Ontology Development Progress Report December 2014

From GO Wiki
Jump to navigation Jump to search

Ontology Development Progress Report

GOC Meeting Dec 2014

Prepared and Submitted by Jane Lomax and David Hill

Personnel

  • David Hill (MGI)
  • Tanya Berardini (TAIR)
  • Heiko Dietze (LBL)
  • Harold Drabkin (MGI)
  • Becky Foulger (EBI) (left Jan 2014)
  • Jane Lomax (EBI)
  • Chris Mungall (LBL)
  • David Osumi-Sutherland (EBI)
  • Paola Roncaglia (EBI)

Ontology Editing

SourceForge Requests

SF items opened (SF items closed)

Jan 2014 39 (44)
Feb 2014 50 (81)
Mar 2014 59 (41)
Apr 2014 74 (52)
May 2014 71 (75)
Jun 2014 79 (70)
Jul 2014 66 (58)
Aug 2014 76 (115)
Sept 2014 110 (52)
Oct 2014 52 (73)
Nov 2014 83 (69)
Dec 2014 26 (5)
Total 2014 746 (691)

Term Statistics

Total number of GO terms added Jan 2014 to Dec 2,2014: 1868
 Total number of GO terms added manually Jan 2014 to Dec. 2,2014: 549              
 Total number of GO terms added via TermGenie template Jan 2014 to Dec 2,2014: 1046
 Total number of GO terms added via TermGenie freeform Jan 2014 to Dec 2,2014: 273
Total number of GO terms obsoleted Jan 2014 to Dec 2,2014: obsolete 57, merged 34

Major Projects

Transition to OWL

Ontology editors are routinely using the OWL version of GO to check for logical consistency in the ontology and to create terms with logical definitions. OWL is also used as the underlying format for creating new terms via the termgenie tool.

TermGenie templates

Since Jan 2014 we have added 6 new templates to our template-based term addition tool, TermGenie. These are:

new templates:

  • cell_migration (CL)
  • biosynthesis_from (CHEBI)
  • biosynthesis_via (CHEBI)
  • catabolism_to (CHEBI)
  • catabolism_via (CHEBI)
  • metazoan_development (UBER)

templates with additional functionality:

  • add plant cells for cell_differentiation (PO)
  • add option to also create transmembrane transport for chemical

transport from to (CHEBI)

These templates utilize both classes within GO and classes from external ontologies, shown in parentheses.
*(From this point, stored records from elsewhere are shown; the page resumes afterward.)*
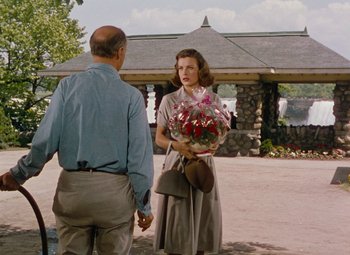 Movie still from “Niagara” (1953), directed by Henry Hathaway – An older man and a woman holding hands and talking; Medium shot, Over the shoulder angle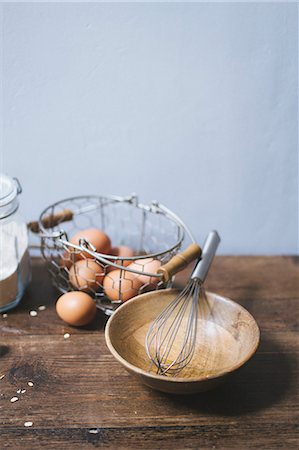 simsearch:659-06306291,k - an arrangement of eggs in a wire basket and a wooden bowl with a whisk Stock Photo - Premium Royalty-Free, Code: 659-08905275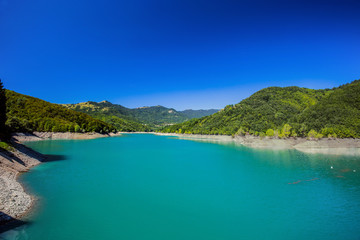 Fototapeta na wymiar The mountain lake with green water under a blue clear sky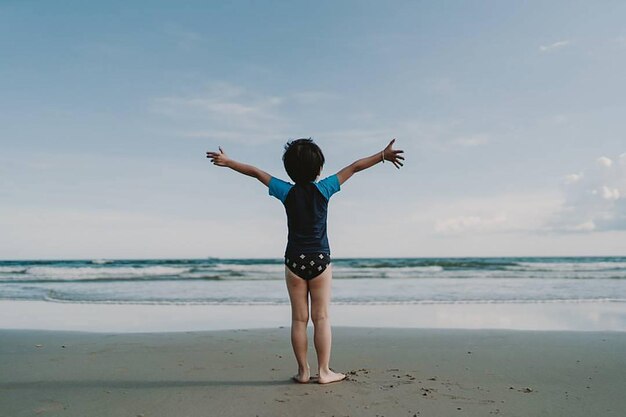 Photo full length rear view of boy standing at beach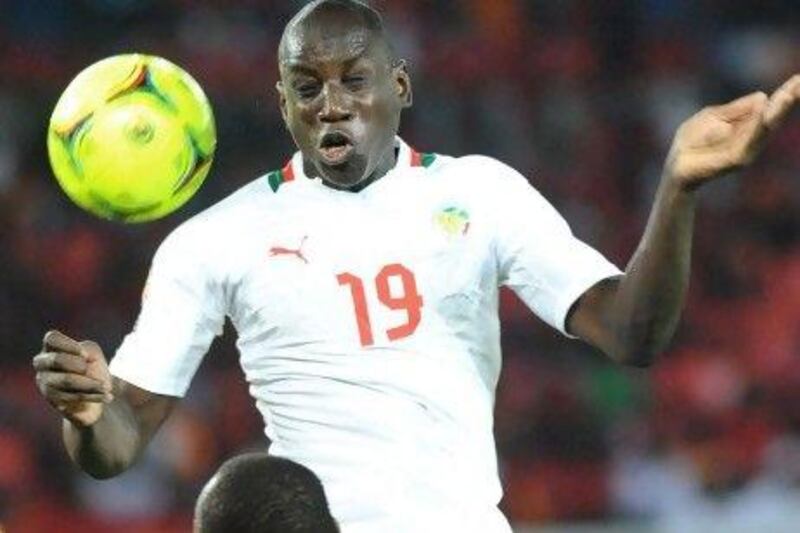 Senegal and Demba Ba, above, need to overcome the 4-2 first-leg loss to the Ivory Coast. Abdelhak Senna / AFP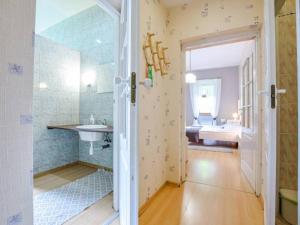 a bathroom with a shower and a sink and a mirror at Muza in Duszniki Zdrój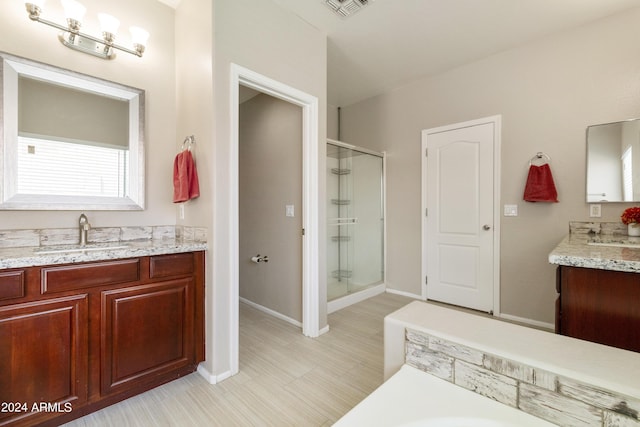 full bathroom with two vanities, a sink, baseboards, visible vents, and a shower stall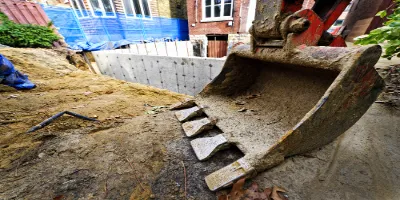 Close-up of an excavator bucket at a commercial construction site, with soil and debris around. A partially built retaining wall and building with blue tarp in the background hint at ongoing HVAC installations.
PO = plant ontology, CL = cell ontology, CHEBI = chemicals of biological interest ontology, UBER= Uberon.


GO relations

The ontology group has been working in coordination with the annotation group to refine and clarify the use of relations in annotation extensions. This ongoing work requires identifying a set of well-defined easy-to-use relations that will integrate with the relation ontology (RO) and will be used consistently in the ontology and by gene annotators. These relations will be used in accordance with future annotation models using the common annotation tool and will permit the folding and unfolding of contextual data.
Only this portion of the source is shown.